### [Work instructions]
With pictures omitted, copy exactly the lines from the one containing "SAL DE IBIZA CRISTAL DE LA VIDA IBIZA logo" through the end of the records below.
_____
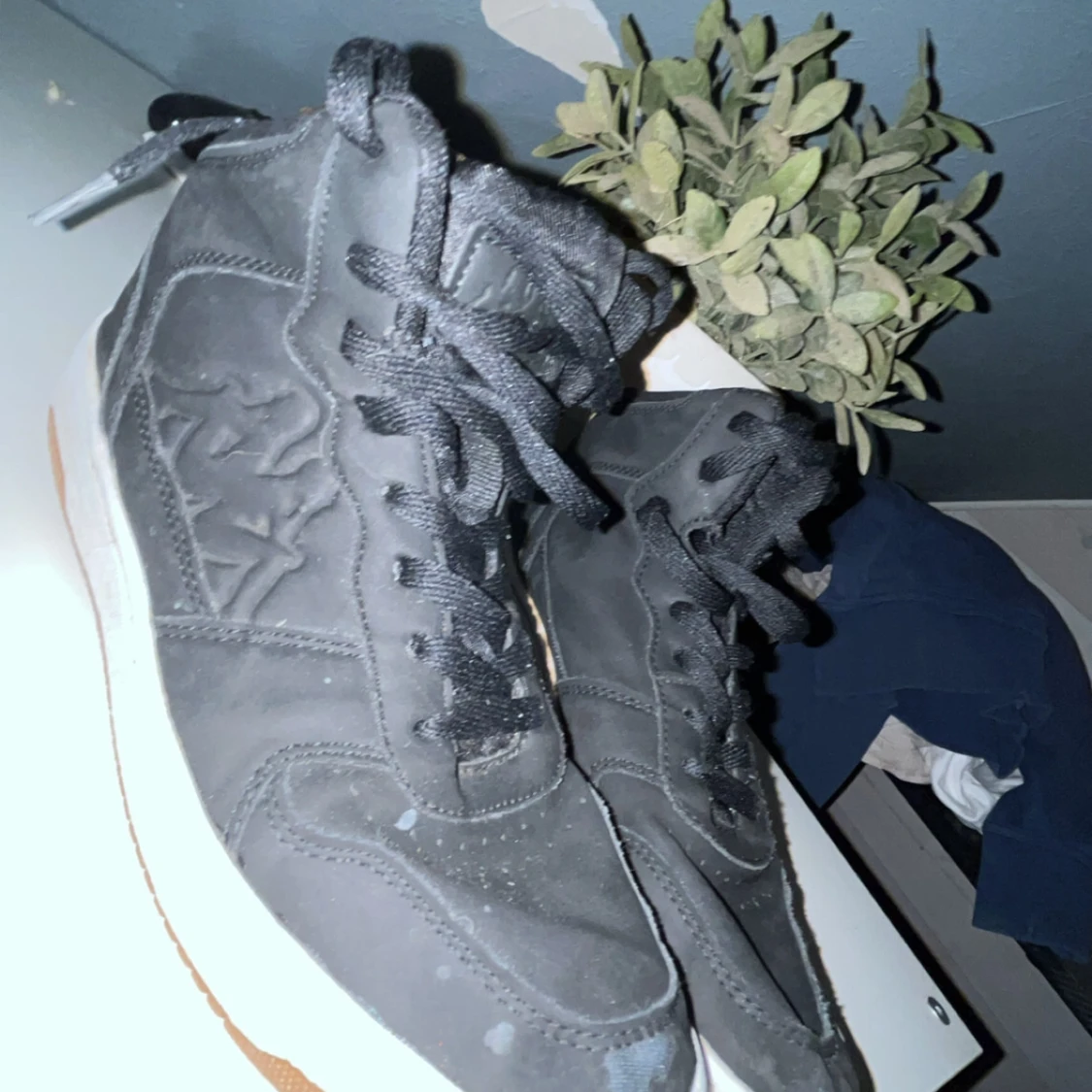 Svarta sneakers från Kappa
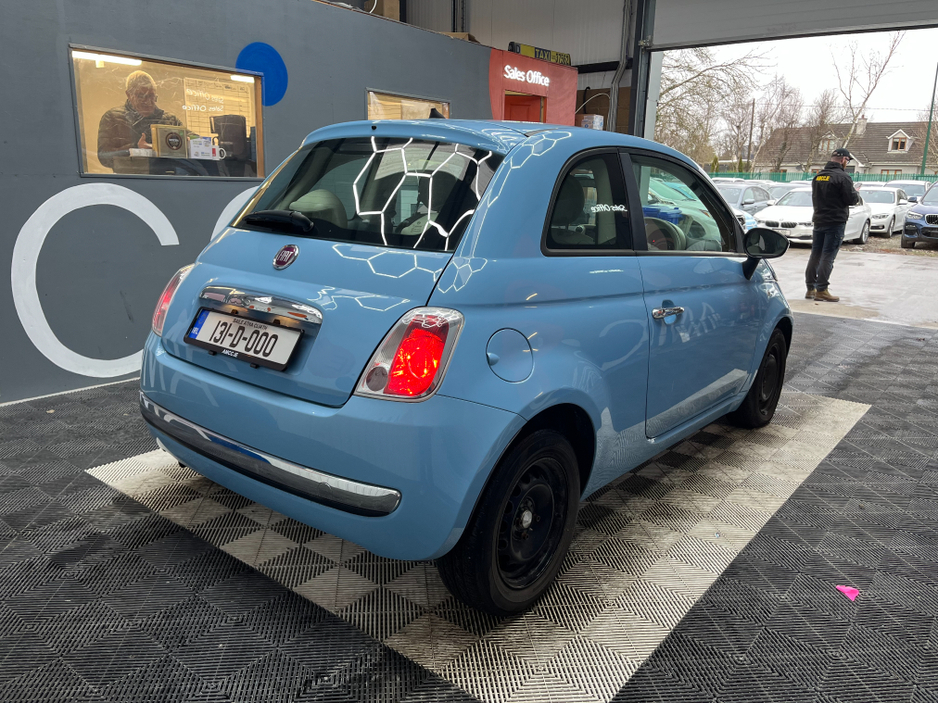 2013 Fiat 500 €5950! 2013 FIAT 500 TWIN AIR POP 0.9 AUTOMATIC €5,950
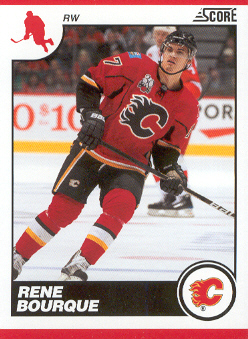 2010-11 Score #98 Rene Bourque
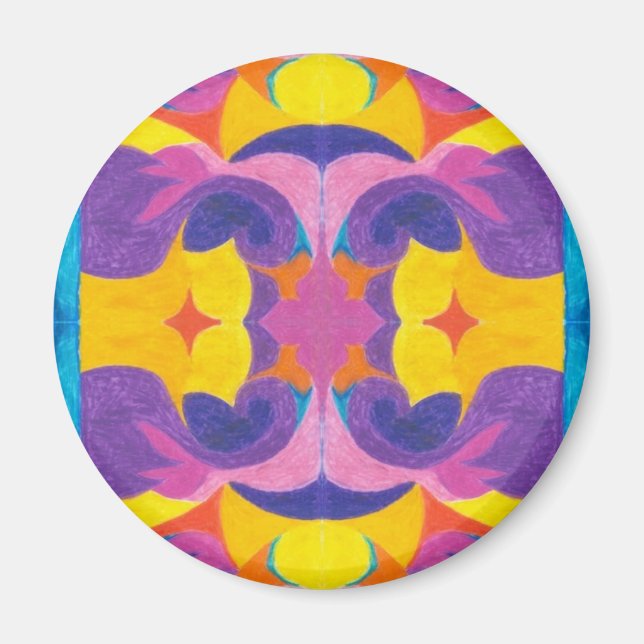Fruchtplatte Magnet (Vorne)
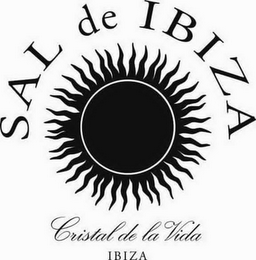 SAL DE IBIZA CRISTAL DE LA VIDA IBIZA logo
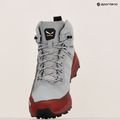 Női túrabakancs Salewa Pedroc Pro Mid Ptx ötvözet/syrah 10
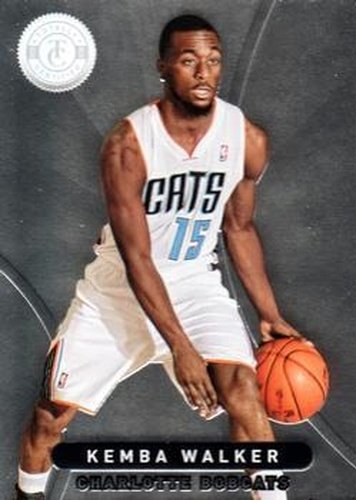 #216 Kemba Walker - Charlotte Bobcats - 2012-13 Panini Totally Certified Basketball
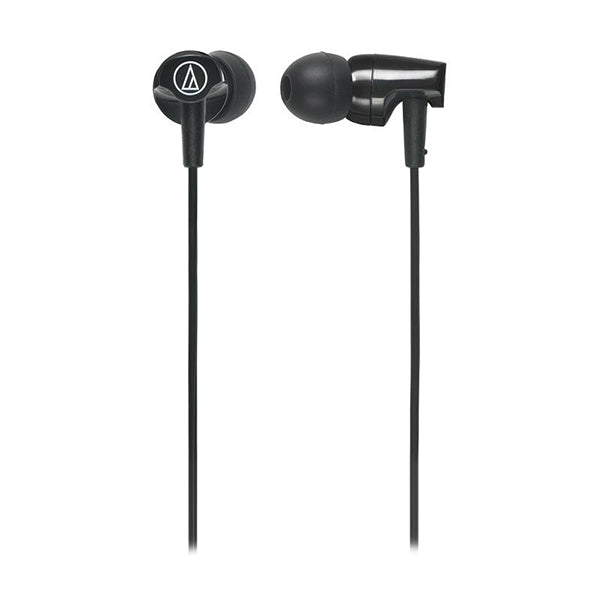 Audio Technica ATH-CLR100iS Black Sonic Fuel In Ear Headphone Earphone (CLR100iS)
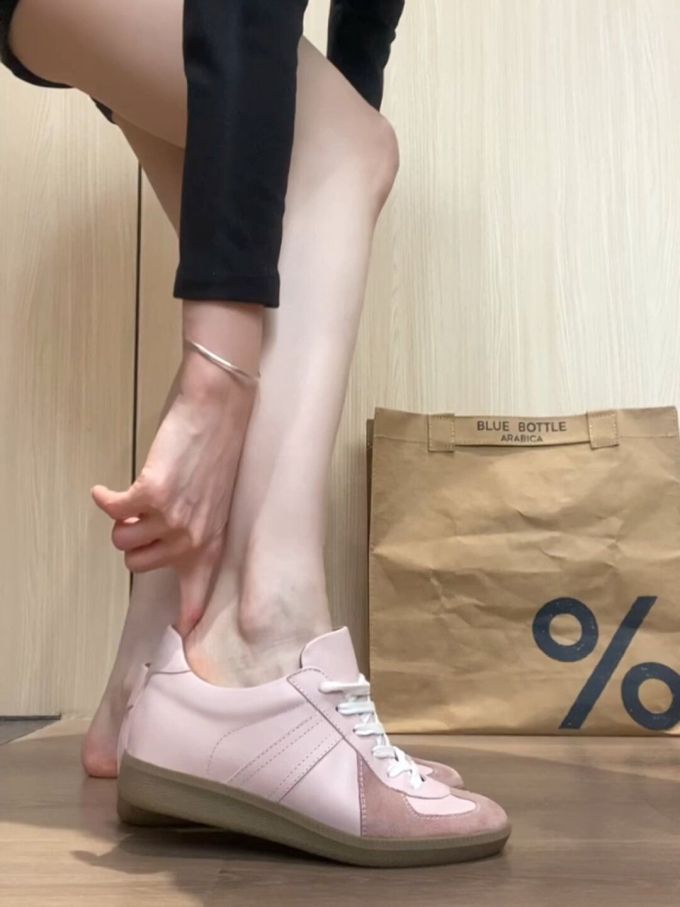 低帮 系带 皮革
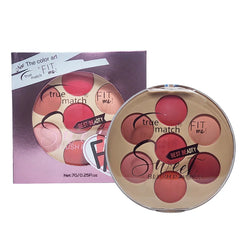 True Match Fit me 7 Colors Blush Kit True match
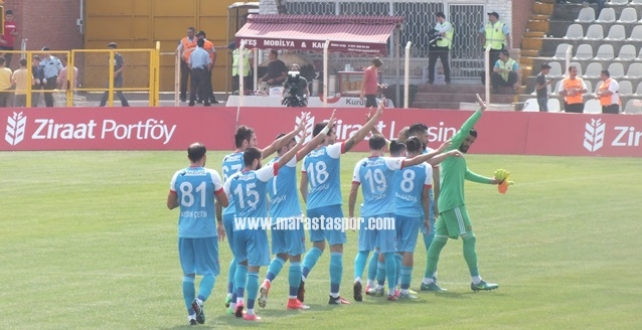 Kahramanmaraşspor Turladı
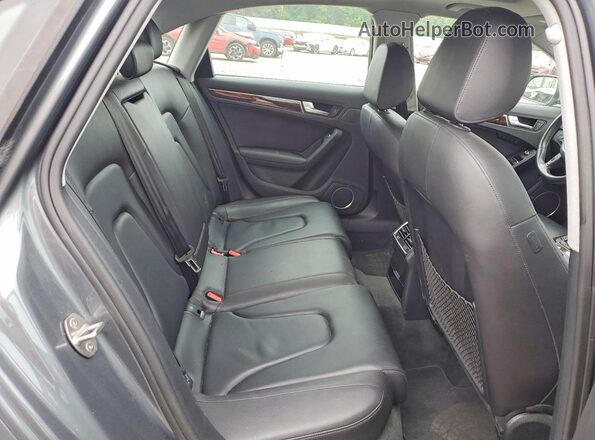 WAUFFAFL5GN010792 2016 AUDI A4 Gray Vista de los asientos traseros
_____
### [Task output]
 SAL DE IBIZA CRISTAL DE LA VIDA IBIZA logo
 Női túrabakancs Salewa Pedroc Pro Mid Ptx ötvözet/syrah 10
 #216 Kemba Walker - Charlotte Bobcats - 2012-13 Panini Totally Certified Basketball
 Audio Technica ATH-CLR100iS Black Sonic Fuel In Ear Headphone Earphone (CLR100iS)
 低帮 系带 皮革
 True Match Fit me 7 Colors Blush Kit True match
 Kahramanmaraşspor Turladı
 WAUFFAFL5GN010792 2016 AUDI A4 Gray Vista de los asientos traseros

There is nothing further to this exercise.